This weekend, Gordon Lashley and his wife Carol are taking their cane juice mill and their entrepreneurial optimism to the Providence Stadium where they hope that the first ever staging of the Guyana Festival might provide some measure of breakthrough for a beverage which, as much as any other, can be considered ‘local drink’.
The Lashleys are banking on the marketing thrust of the organisers of the event who have been presenting it to the public as a ‘must go’ event for locals and visitors to Guyana alike.
What the Lashleys are also hoping is that the Festival, which opens later today will help to popularize his modest fifteen-year-old cane juice enterprise.
Cane juice is no stranger to the local beverage market. The problem is that it has never been able to take itself ‘off the corner’. To present itself as more than a ‘wash down’ or an on the corner thirst-quencher. Meanwhile the old-fashioned aerated drinks have become transformed by their plastic disposable bottles and their multi-million dollar advertising budgets.
The fast food franchises and the fresh fruit drink vendors have also upped their, ‘throwing in’ modern dispensers, disposable cups and health-related tips to seize a substantial slice of an enduringly thirsty market,
The Lashleys have tried at GuyExpo though they admit that success has not gone beyond short-term spikes in demand on account of event sales,
At the Guyana Festival the Lashleys hope to sell more than just a few bottles out of their refrigerated truck. They will be doing demonstrations with their cane juice mill imported from Brazil and hoping that they might be able to ‘tie up’ at least a few supply contracts for G&C’s Natural Juices. The Guyana Festival, hopefully, will provide another opportunity to try to restore cane juice to the local beverage ‘map.’

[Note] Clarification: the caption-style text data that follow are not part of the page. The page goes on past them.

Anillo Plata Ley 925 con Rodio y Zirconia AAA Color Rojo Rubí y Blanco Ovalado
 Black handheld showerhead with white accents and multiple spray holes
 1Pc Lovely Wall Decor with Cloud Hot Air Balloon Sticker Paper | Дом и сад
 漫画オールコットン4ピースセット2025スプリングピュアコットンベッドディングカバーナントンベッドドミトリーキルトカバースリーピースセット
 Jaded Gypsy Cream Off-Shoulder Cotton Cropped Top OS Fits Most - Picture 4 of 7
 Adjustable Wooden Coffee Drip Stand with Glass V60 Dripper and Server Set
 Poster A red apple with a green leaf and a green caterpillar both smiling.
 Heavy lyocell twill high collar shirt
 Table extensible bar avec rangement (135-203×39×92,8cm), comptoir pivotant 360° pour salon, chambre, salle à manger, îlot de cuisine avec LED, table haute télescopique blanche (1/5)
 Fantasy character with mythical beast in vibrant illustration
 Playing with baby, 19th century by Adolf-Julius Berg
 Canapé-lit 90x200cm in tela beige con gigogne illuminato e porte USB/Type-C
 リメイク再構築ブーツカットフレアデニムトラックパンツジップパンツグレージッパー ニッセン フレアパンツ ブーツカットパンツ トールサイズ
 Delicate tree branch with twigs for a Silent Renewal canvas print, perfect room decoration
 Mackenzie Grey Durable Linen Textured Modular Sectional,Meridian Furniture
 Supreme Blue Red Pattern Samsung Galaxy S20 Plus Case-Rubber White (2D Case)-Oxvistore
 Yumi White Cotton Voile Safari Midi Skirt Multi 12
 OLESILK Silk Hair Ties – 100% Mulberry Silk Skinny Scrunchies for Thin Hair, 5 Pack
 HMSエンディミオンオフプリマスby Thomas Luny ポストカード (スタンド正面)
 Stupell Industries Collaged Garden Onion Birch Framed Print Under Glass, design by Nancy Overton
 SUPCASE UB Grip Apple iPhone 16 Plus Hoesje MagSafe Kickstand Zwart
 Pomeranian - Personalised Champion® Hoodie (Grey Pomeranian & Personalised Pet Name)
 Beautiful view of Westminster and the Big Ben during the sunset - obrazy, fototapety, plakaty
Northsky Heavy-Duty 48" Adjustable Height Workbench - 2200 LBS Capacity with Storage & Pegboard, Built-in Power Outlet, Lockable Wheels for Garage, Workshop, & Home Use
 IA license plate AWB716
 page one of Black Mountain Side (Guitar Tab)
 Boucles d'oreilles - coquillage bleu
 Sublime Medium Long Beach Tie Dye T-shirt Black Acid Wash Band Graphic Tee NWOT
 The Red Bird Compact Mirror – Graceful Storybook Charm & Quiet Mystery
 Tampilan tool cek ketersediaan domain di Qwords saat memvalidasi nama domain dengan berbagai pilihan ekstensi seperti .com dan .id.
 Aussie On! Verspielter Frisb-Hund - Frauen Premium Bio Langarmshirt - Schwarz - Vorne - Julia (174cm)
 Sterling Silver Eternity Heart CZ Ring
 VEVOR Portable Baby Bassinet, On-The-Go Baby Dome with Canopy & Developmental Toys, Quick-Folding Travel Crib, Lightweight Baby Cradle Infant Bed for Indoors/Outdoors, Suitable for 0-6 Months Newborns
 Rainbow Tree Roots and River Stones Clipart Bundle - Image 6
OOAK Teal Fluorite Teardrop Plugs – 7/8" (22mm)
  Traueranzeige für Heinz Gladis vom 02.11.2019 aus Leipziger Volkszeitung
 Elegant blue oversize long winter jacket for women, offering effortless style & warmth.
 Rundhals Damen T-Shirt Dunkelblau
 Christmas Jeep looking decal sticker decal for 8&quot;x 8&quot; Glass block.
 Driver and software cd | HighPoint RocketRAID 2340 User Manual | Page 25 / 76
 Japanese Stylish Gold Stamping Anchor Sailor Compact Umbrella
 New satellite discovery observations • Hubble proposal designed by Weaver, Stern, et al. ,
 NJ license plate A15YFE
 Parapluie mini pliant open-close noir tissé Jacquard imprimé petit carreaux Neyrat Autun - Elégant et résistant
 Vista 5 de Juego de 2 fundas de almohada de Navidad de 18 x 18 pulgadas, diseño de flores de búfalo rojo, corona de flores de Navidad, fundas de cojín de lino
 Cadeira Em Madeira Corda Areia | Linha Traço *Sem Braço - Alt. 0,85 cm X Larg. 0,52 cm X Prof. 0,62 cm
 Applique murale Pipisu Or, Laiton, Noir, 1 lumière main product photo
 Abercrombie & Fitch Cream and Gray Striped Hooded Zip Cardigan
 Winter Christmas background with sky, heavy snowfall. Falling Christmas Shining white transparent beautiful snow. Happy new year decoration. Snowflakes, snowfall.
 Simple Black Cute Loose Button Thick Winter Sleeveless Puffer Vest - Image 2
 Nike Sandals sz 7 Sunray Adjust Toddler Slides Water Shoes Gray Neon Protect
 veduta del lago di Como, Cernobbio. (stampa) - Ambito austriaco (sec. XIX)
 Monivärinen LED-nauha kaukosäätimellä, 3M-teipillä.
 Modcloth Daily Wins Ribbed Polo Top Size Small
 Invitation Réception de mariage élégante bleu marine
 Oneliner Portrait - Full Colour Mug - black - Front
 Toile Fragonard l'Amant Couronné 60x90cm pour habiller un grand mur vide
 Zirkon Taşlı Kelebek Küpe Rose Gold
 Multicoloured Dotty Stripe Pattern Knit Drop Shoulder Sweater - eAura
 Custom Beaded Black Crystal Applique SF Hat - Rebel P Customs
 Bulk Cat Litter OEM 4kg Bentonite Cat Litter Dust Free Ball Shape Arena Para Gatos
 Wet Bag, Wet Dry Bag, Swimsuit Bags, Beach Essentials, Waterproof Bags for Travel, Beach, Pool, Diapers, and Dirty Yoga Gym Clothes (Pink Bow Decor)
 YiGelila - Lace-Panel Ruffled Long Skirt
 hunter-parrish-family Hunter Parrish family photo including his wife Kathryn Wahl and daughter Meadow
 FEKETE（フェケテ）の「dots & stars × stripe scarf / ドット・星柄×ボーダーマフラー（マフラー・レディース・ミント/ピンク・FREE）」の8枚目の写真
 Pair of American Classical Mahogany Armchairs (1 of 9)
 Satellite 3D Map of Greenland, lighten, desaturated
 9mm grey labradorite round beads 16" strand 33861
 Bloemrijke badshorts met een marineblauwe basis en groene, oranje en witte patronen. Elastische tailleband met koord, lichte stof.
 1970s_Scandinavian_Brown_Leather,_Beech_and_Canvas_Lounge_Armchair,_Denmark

That is where cane juice had been for centuries. Sugar cane might have been a major colonial economic empire but the greenish liquid has been put to other purposes and cane juice is one of them, though the vending of the juice has not been really successful in taking itself off the streets here in Guyana. That, it would seem, is the Lashleys’ objective: to get their bottled juice far more entrenched in the mainstream market, to ‘ease up’ on pounding the streets to sell the product.
Gordon Lashley understands the market and knows that there is probably no overwhelming demand for cane juice at what one might call their ‘high end’ of the market. That has to be cultivated.
Last Tuesday we found Gordon and Carol and their mill and their huge bundle of sugar cane at their customary location, inside the same compound housing the East La Penitence Post Office.
That is the nerve centre of the business though Gordon concedes that targeting a broader clientele would require him to raise his own game, to look more closely at offering enhanced environmental guarantees, That is one of his immediate-term goals.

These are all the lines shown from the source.